(Caption-style text data)
-- -- --

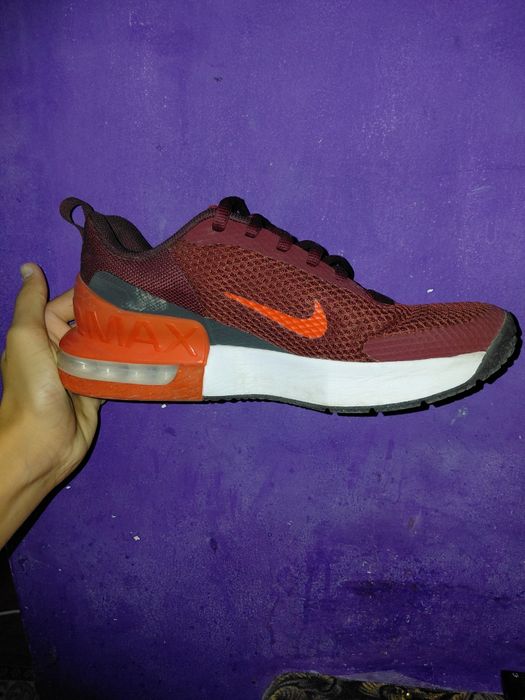 Adidași NIKE originali 42-41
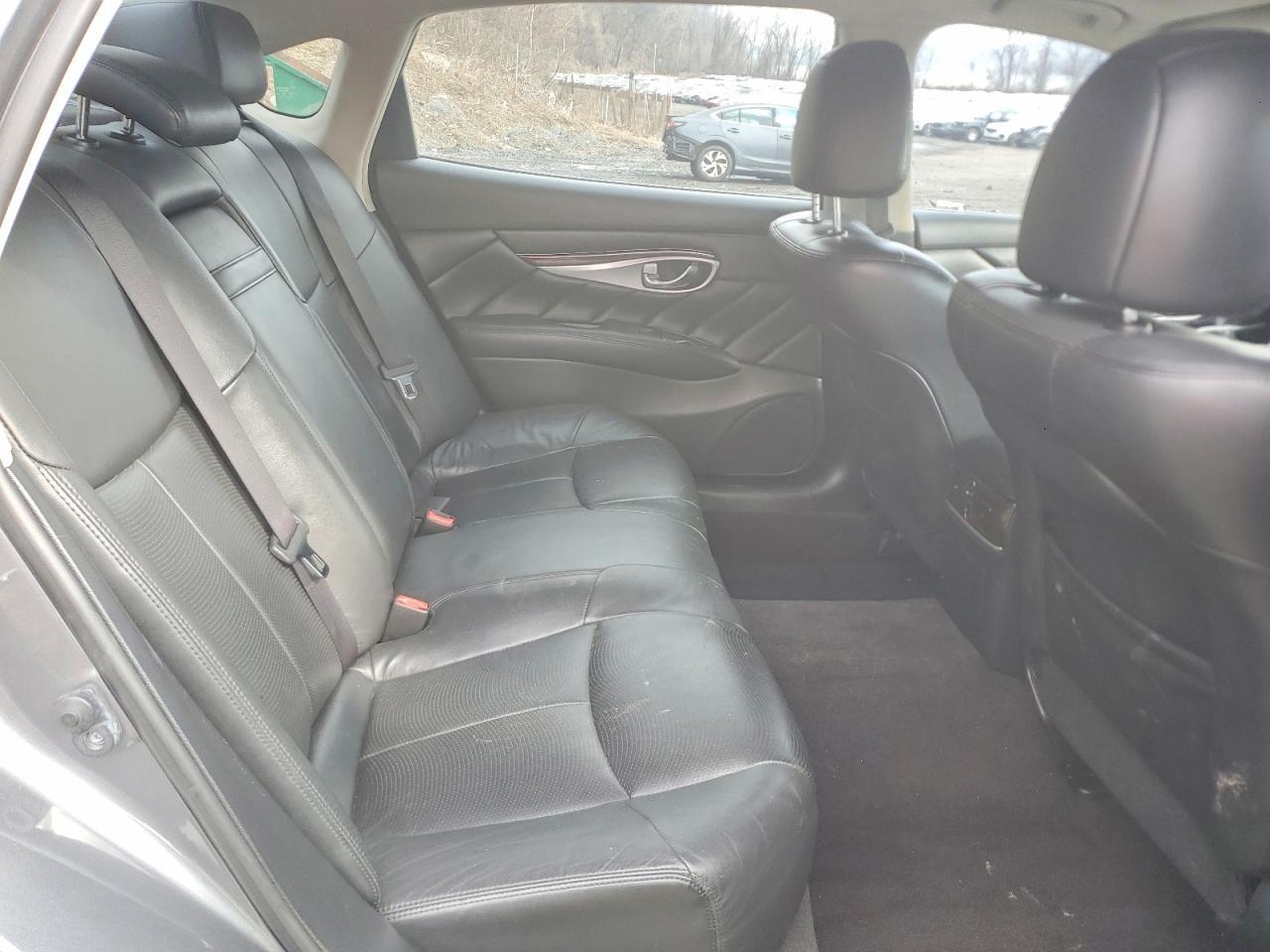 2017 INFINITI Q70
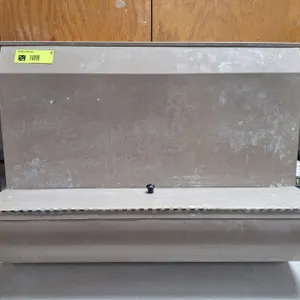 Model Pouring Vibrator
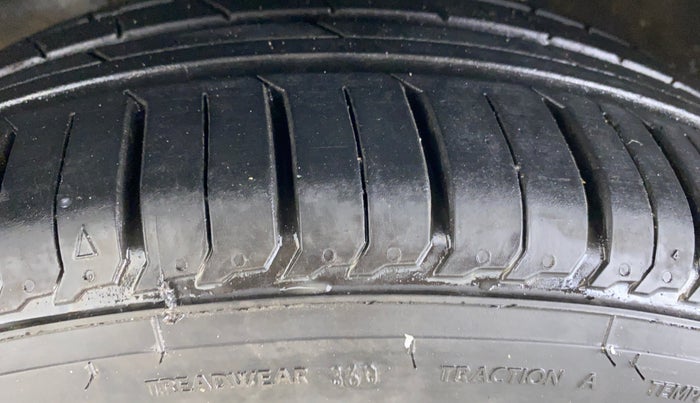 2011 Toyota Etios VX, Petrol, Manual, 57,187 km, Left Front Tyre Tread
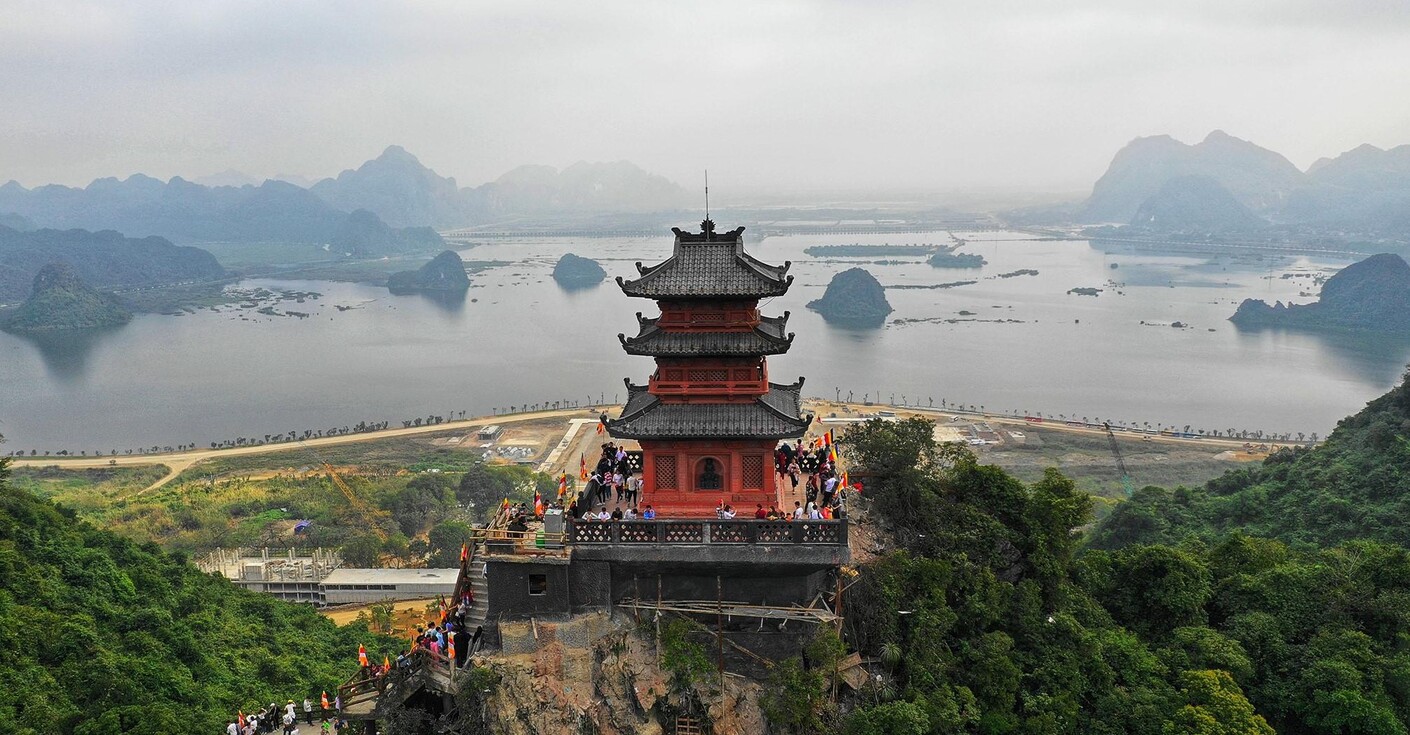 Chùa Hương là ngôi chùa miền Bắc mang vẻ đẹp yên bình hòa lẫn vào thiên nhiên và trời mây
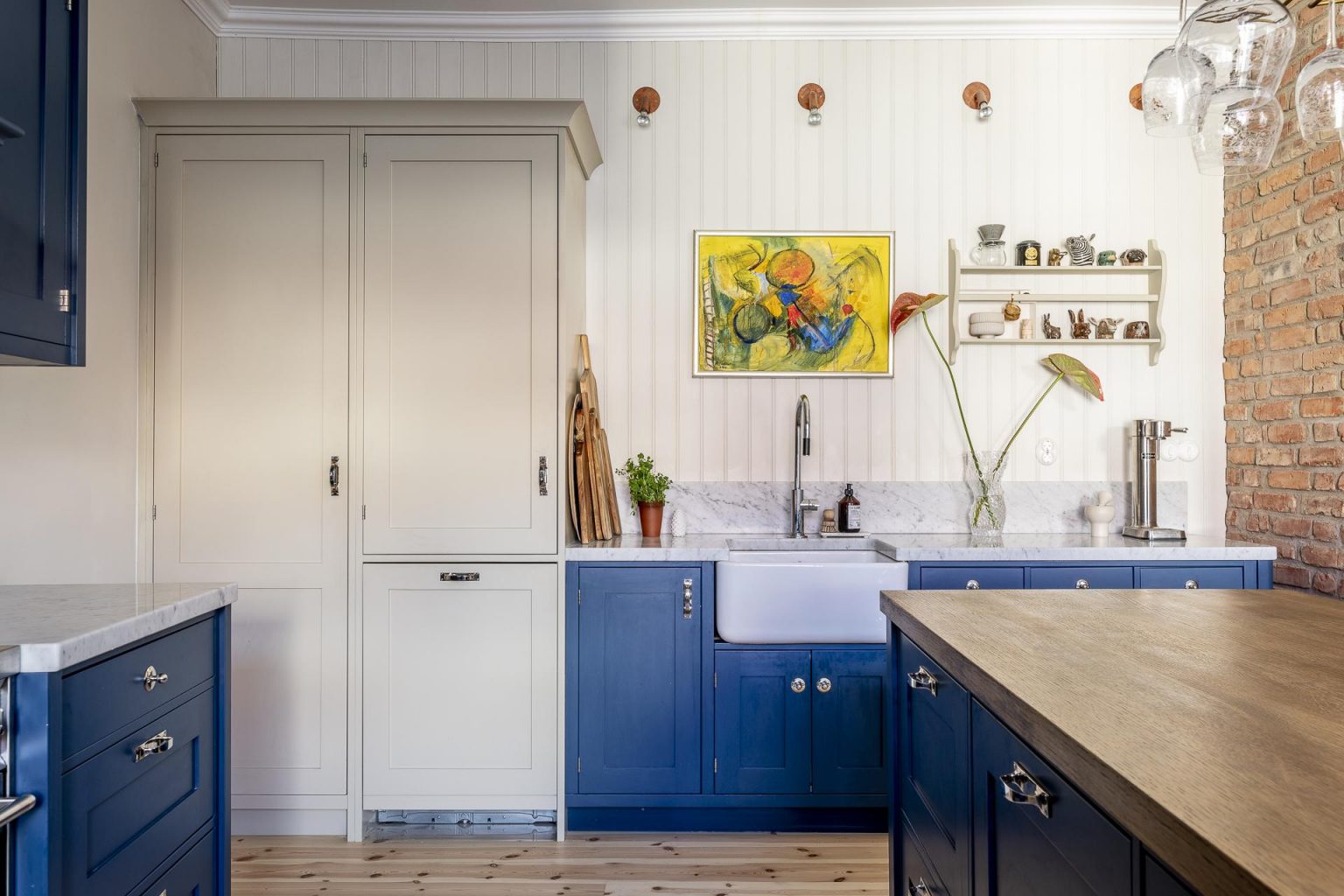 cuisine bleue avec briques décoration scandinave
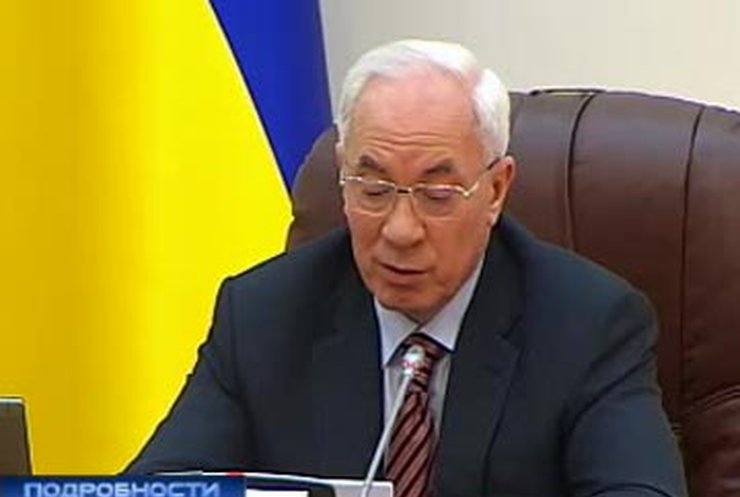 Янукович и Азаров раскритиковали блокирование трибуны Рады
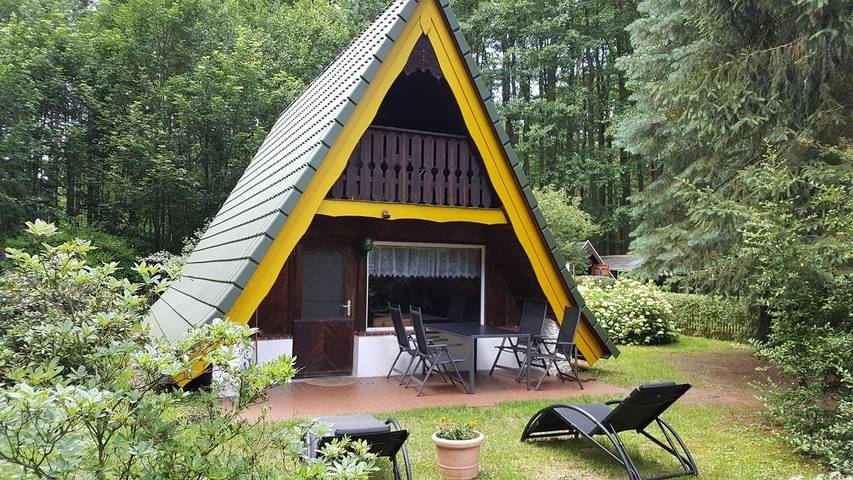 Ferienhaus für 4 Personen, mit Balkon und Garten in Milmersdorf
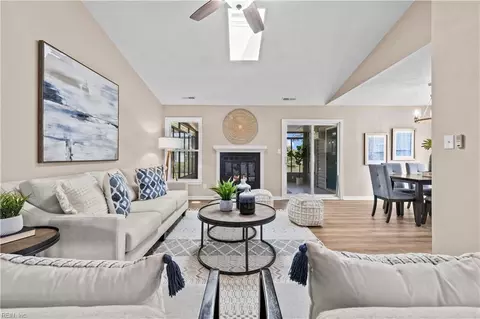 1284 Northvale Dr, Virginia Beach, VA 23464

-- -- --

Task directions. Although pictures appear among the records above, none are to be output; print exactly the lines from the line containing "2017 INFINITI Q70" through the line containing "cuisine bleue avec".

The completed task.
 2017 INFINITI Q70
 Model Pouring Vibrator
 2011 Toyota Etios VX, Petrol, Manual, 57,187 km, Left Front Tyre Tread
 Chùa Hương là ngôi chùa miền Bắc mang vẻ đẹp yên bình hòa lẫn vào thiên nhiên và trời mây
 cuisine bleue avec briques décoration scandinave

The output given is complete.